Dr. Tricia Diamond draws on her experience directing a $386 million ARPA Implementation PMO where every allocation decision was subject to federal audit, every requirement was traceable to a community outcome, and the cost of an undetected error was measured in potential clawback of public funds to present a practitioner’s framework for AI governance in high-stakes programme environments. This session examines the specific conditions under which AI errors go undetected in organisational workflows, the governance structures that prevent them, and the accountability architecture that makes AI-assisted decision-making defensible under scrutiny.
This is not a theoretical session about responsible AI. It is a direct account of what governance looks like when the stakes are real, the scrutiny is constant, and the humans in the loop must be able to explain every decision to a federal auditor.
Key Takeaways
• The three organisational conditions that allow AI errors to compound undetected in high-stakes programme environments, and the governance structures that interrupt each one.
• How to design human-in-the-loop validation checkpoints that are genuinely effective rather than performative, including the accountability assignment that makes them function under operational pressure.
• A practical AI governance framework drawn from federal programme management practice that is transferable to any high-stakes delivery environment — healthcare, finance, government services, infrastructure.
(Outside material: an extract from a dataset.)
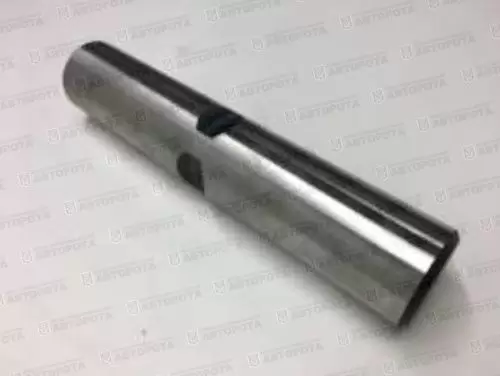 Шкворень ПАЗ 3205-3001019 - Авторота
• How to build the documentation and traceability practices that make AI-assisted decisions auditable, defensible, and correctable after the fact.
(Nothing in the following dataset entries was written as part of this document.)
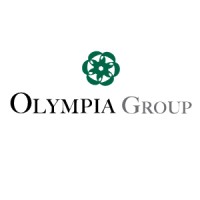 Olympia Group of Companies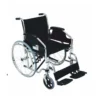 Wheelchairs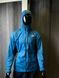 The North Face Athletic Windwall Jacket NF0A7SSA58Z-M фото 2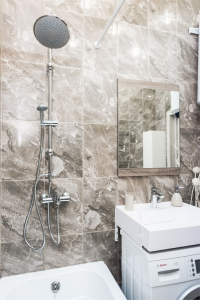 103 Белинского 30, фото 43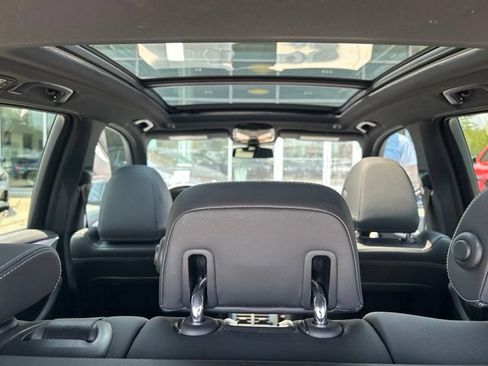 Used 2024 BMW X3 sDrive30i w/ Convenience Package RWD image 21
• Why the accountability gap between AI output and human responsibility is the most consequential and least addressed dimension of AI governance in organisations today, and what closing it actually requires.
How This Session Aligns With the Conference Theme
The conference’s Ethical AI and Governance track is explicitly seeking content on bias mitigation, regulatory frameworks, privacy, and transparent AI systems. This session contributes a practitioner-level case study perspective that is rare in AI governance discourse: not a policy researcher or a vendor, but a programme director who built and operated AI-assisted governance systems in a federally scrutinised environment and can speak directly to what worked, what failed, and what the accountability architecture actually needs to look like.
Intended Audience and Prerequisites
Advanced. Intended for senior leaders, programme directors, governance professionals, and policy practitioners who are responsible for AI adoption decisions in environments where errors carry regulatory, financial, or community consequences. Assumes basic familiarity with AI concepts and organisational governance frameworks.